Nous ne pouvons que souscrire à ces propos, étant rappelé que ces personnes :

– ont été condamnées à mort (peine commuée en réclusion à perpétuité) ou à 20 ans de réclusion criminelle, dans des conditions expéditives, après seulement quelques minutes de réquisitoire et de plaidoiries ;

– n’ont bénéficié d’aucun accès à leur dossier, ni d’aucune défense digne de ce nom ;

– sont détenues dans des conditions abjectes, caractéristiques de traitements inhumains et dégradants (112 hommes sont entassés dans une cellule de 55 mètres carrés, 80femmes survivent dans moins de 100 mètres carrés) ;

– subissent la violence récurrente de leurs codétenu(e)s ;

– n’ont pas accès aux soins les plus élémentaires et notamment aux soins que leur état de santé exige.

Les associations de défense des victimes d’actes terroristes, telles que l’AFVT ou Life For Paris, soutiennent ces demandes de transferts en France, afin que des procès dignes de ce nom puissent enfin s’y tenir. Les autorités irakiennes ont, quant à elles, manifesté leur souhait de voir ces prisonniers français transférés dans leur pays d’origine. L’Irak n’est certes pas signataire de la convention du Conseil de l’Europe de 1983 applicable en la matière dans 66 pays, et aucune convention bilatérale n’a été signée entre les deux Etats.

Toutefois, les transfèrements restent possibles en l’absence de toute convention internationale, à l’occasion d’un accord cadre ponctuel entre la France et l’Irak. Les ministères de la Justice irakien et français sont seuls compétents pour le définir, et Gérald Darmanin avait donc toute légitimité pour asseoir sa position en faveur du transfert de ces ressortissants.

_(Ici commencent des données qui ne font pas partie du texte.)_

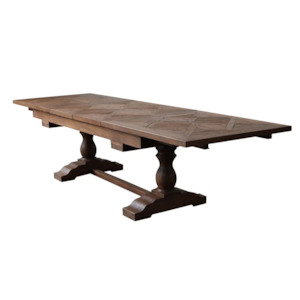 Bernard Old Elm Butterfly Extension Table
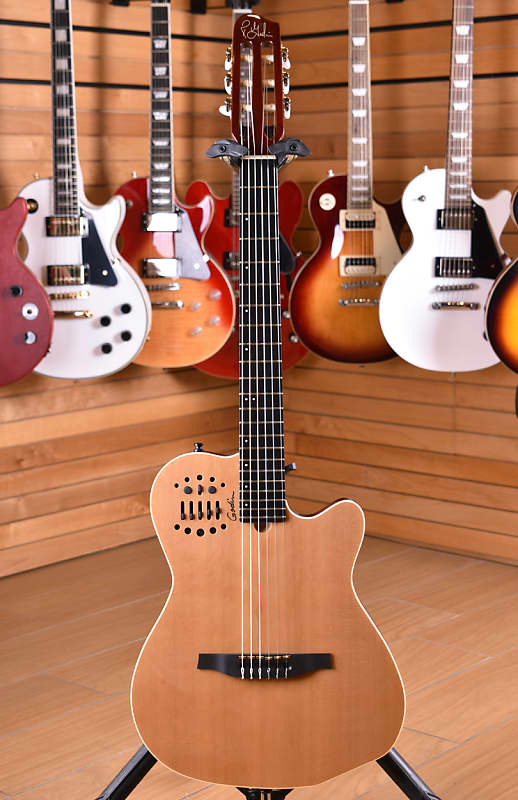 Godin Multiac Acs Cedar Natural Sg Reverb 3945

Au lendemain de ces déclarations, le revirement de Gérald Darmanin n’a rien de surprenant : s’il est seul compétent en la matière, ce n’était pas à lui d’annoncer une telle mesure. A surcommuniquer sans cesse, nul ne s’étonnera que l’information soit souvent délivrée au mauvais moment, dans la précipitation et dans des conditions inappropriées. On ne pourrait cependant imaginer qu’un Garde des Sceaux, qui de surcroît fut ministre de l’Intérieur et qui, comme tout ministre, relit chaque virgule des interviews qu’il donne, ait pu révéler une information d’une telle importance sans s’assurer de sa véracité. La France ne peut exiger des pays étrangers ce qu’elle refuserait d’appliquer à ses propres ressortissants a affirmé en toute cohérence Gérald Darmanin. Conséquemment, il faut,dans les meilleurs délais, transférer les ressortissants français retenus prisonniers en Irak. Seul ce transfert permettra de garantir les droits les plus fondamentaux de ces détenus, dont l’état de santé est aujourd’hui très préoccupant, d’assurer le respect des instruments internationaux ratifiés par la France, parmi lesquels la Convention de Sauvegarde des Droits de l’Homme et d’assurer le respect des droits des parties civiles. La lutte contre le terrorisme défie notre propre humanité, et la protection des droits fondamentaux demeure le seul moyen de lutter efficacement contre le terrorisme.